**WHAT YOU NEED TO DO:** Each entry that follows should be written again verbatim.

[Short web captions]
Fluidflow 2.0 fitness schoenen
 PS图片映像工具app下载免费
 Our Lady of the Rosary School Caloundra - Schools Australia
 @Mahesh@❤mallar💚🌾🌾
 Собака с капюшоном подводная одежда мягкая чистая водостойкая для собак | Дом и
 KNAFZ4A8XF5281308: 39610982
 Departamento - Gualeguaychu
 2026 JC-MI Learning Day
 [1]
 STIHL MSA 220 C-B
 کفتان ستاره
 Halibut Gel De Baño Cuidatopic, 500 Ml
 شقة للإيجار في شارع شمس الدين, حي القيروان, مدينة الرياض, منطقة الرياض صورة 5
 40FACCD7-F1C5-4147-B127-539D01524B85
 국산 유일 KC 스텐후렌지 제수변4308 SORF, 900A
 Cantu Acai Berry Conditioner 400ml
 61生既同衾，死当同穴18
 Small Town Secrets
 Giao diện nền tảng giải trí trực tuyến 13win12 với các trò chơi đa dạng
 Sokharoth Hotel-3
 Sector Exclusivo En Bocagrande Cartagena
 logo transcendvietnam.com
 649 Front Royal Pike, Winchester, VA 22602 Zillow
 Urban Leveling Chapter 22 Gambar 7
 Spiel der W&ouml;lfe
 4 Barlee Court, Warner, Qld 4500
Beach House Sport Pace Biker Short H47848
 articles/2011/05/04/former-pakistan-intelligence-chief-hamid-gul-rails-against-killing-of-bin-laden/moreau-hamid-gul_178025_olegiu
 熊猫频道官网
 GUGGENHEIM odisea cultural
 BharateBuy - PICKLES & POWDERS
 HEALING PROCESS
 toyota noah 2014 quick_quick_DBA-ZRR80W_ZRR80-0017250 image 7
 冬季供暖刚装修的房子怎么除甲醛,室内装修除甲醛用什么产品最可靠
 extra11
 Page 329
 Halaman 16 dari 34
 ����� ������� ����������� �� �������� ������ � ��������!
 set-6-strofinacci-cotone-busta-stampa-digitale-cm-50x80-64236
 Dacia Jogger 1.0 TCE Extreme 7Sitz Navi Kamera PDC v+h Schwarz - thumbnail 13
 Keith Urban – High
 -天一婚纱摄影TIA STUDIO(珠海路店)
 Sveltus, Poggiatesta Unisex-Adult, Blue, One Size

**RESPONSE:**
Fluidflow 2.0 fitness schoenen
 PS图片映像工具app下载免费
 Our Lady of the Rosary School Caloundra - Schools Australia
 @Mahesh@❤mallar💚🌾🌾
 Собака с капюшоном подводная одежда мягкая чистая водостойкая для собак | Дом и
 KNAFZ4A8XF5281308: 39610982
 Departamento - Gualeguaychu
 2026 JC-MI Learning Day
 [1]
 STIHL MSA 220 C-B
 کفتان ستاره
 Halibut Gel De Baño Cuidatopic, 500 Ml
 شقة للإيجار في شارع شمس الدين, حي القيروان, مدينة الرياض, منطقة الرياض صورة 5
 40FACCD7-F1C5-4147-B127-539D01524B85
 국산 유일 KC 스텐후렌지 제수변4308 SORF, 900A
 Cantu Acai Berry Conditioner 400ml
 61生既同衾，死当同穴18
 Small Town Secrets
 Giao diện nền tảng giải trí trực tuyến 13win12 với các trò chơi đa dạng
 Sokharoth Hotel-3
 Sector Exclusivo En Bocagrande Cartagena
 logo transcendvietnam.com
 649 Front Royal Pike, Winchester, VA 22602 Zillow
 Urban Leveling Chapter 22 Gambar 7
 Spiel der W&ouml;lfe
 4 Barlee Court, Warner, Qld 4500
Beach House Sport Pace Biker Short H47848
 articles/2011/05/04/former-pakistan-intelligence-chief-hamid-gul-rails-against-killing-of-bin-laden/moreau-hamid-gul_178025_olegiu
 熊猫频道官网
 GUGGENHEIM odisea cultural
 BharateBuy - PICKLES & POWDERS
 HEALING PROCESS
 toyota noah 2014 quick_quick_DBA-ZRR80W_ZRR80-0017250 image 7
 冬季供暖刚装修的房子怎么除甲醛,室内装修除甲醛用什么产品最可靠
 extra11
 Page 329
 Halaman 16 dari 34
 ����� ������� ����������� �� �������� ������ � ��������!
 set-6-strofinacci-cotone-busta-stampa-digitale-cm-50x80-64236
 Dacia Jogger 1.0 TCE Extreme 7Sitz Navi Kamera PDC v+h Schwarz - thumbnail 13
 Keith Urban – High
 -天一婚纱摄影TIA STUDIO(珠海路店)
 Sveltus, Poggiatesta Unisex-Adult, Blue, One Size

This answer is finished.